Dataset section:
· · · · ·

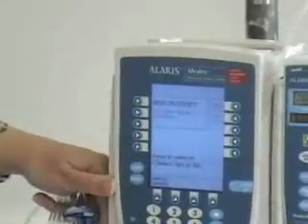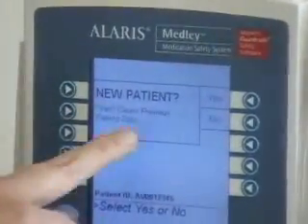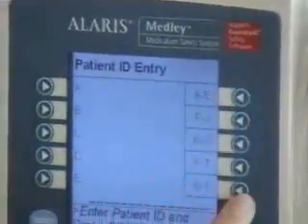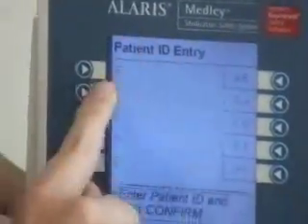The first thing the Alaris pump does is ask you: do you have a new patient? We're going to go ahead with yes. You select yes with these buttons on the side, and then the screen will let you know what to do.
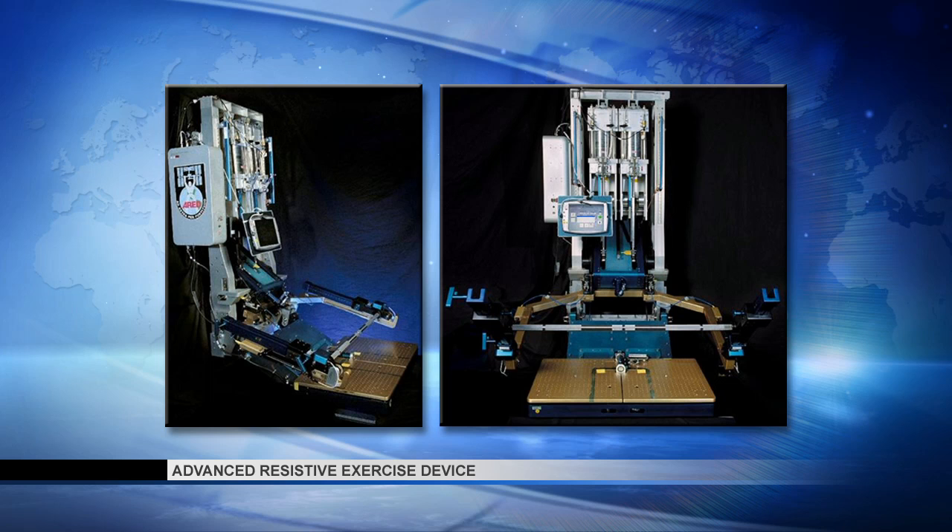The advanced resistive exercise device, or ARED, uses vacuums to create the load. Rubber bands have a place in training, but as you stretch a rubber band, the resistance gets higher; the lower you go, the lower the resistance. With ARED and the vacuums, it provides a constant load more consistent with free weights. If I put 100 pounds on the bar, it's 100 pounds regardless of where it is in that movement — it's how you accelerate or decelerate it that applies the force. The rubber band gives what we call an asymmetrical force curve, a descending force curve with resistive exercise.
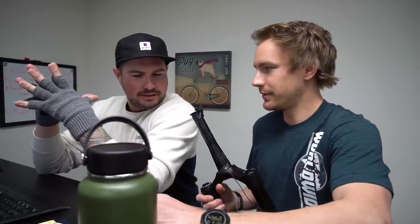Farva (Michael B) likes the DHF — noting that DHF stands for 'front' — but is thinking about switching to the Assegai. He jokes about rebranding himself as the 'Ass Man' like Cosmo Kramer and running the Assegai front and back.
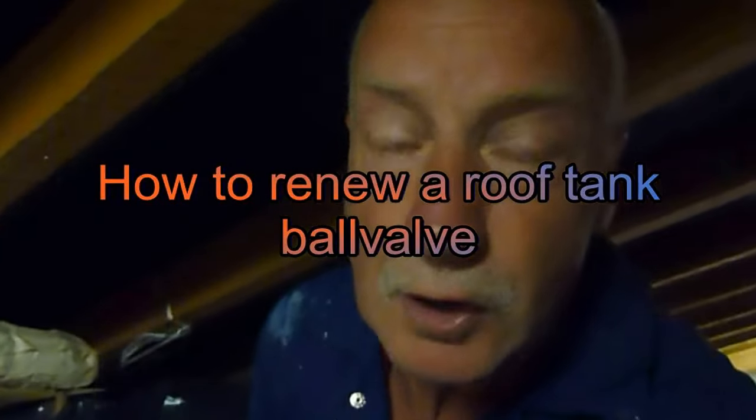Hi everyone, it's Al up in the loft. I'm going to show you how to renew the roof tank ball valve. If your overflow is going outside, you can either do one of two things: you can repair the ball cock, or you can try bending the arm down, but it won't last — it will catch up. The best thing is to renew it.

· · · · ·

How to complete this task: Starting from the first line of the listing above, write out every line exactly through the one containing "Farva (Michael B)", and drop the pictures.

Final answer:
The first thing the Alaris pump does is ask you: do you have a new patient? We're going to go ahead with yes. You select yes with these buttons on the side, and then the screen will let you know what to do.
The advanced resistive exercise device, or ARED, uses vacuums to create the load. Rubber bands have a place in training, but as you stretch a rubber band, the resistance gets higher; the lower you go, the lower the resistance. With ARED and the vacuums, it provides a constant load more consistent with free weights. If I put 100 pounds on the bar, it's 100 pounds regardless of where it is in that movement — it's how you accelerate or decelerate it that applies the force. The rubber band gives what we call an asymmetrical force curve, a descending force curve with resistive exercise.
Farva (Michael B) likes the DHF — noting that DHF stands for 'front' — but is thinking about switching to the Assegai. He jokes about rebranding himself as the 'Ass Man' like Cosmo Kramer and running the Assegai front and back.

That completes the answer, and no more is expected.